## TASK
Only the lines from the top of the data through the line with "Connect the power" should be repeated, each exactly as written.

Stored data:
########################################
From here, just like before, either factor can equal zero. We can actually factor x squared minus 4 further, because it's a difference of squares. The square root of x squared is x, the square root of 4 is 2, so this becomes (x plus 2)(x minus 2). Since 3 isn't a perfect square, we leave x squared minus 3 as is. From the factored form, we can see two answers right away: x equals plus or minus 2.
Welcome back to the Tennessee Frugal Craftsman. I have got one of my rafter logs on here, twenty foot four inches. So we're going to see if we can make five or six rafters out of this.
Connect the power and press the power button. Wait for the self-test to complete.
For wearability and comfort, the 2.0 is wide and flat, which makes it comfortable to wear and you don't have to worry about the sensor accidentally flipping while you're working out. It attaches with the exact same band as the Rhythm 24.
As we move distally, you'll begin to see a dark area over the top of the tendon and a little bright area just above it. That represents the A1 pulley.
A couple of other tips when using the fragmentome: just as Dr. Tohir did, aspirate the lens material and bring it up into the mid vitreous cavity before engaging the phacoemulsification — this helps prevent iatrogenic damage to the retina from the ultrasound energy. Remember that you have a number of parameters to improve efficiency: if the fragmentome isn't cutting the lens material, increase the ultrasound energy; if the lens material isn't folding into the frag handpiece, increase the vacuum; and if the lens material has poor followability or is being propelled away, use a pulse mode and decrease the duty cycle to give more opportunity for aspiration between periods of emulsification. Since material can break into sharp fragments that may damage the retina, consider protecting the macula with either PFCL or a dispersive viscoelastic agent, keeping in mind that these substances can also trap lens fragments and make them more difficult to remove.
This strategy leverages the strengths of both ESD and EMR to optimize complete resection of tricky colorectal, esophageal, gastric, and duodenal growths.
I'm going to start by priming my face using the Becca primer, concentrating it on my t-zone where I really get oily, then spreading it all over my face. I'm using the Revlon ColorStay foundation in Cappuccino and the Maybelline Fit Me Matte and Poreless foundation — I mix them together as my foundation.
########################################
## TASK SOLUTION
From here, just like before, either factor can equal zero. We can actually factor x squared minus 4 further, because it's a difference of squares. The square root of x squared is x, the square root of 4 is 2, so this becomes (x plus 2)(x minus 2). Since 3 isn't a perfect square, we leave x squared minus 3 as is. From the factored form, we can see two answers right away: x equals plus or minus 2.
Welcome back to the Tennessee Frugal Craftsman. I have got one of my rafter logs on here, twenty foot four inches. So we're going to see if we can make five or six rafters out of this.
Connect the power and press the power button. Wait for the self-test to complete.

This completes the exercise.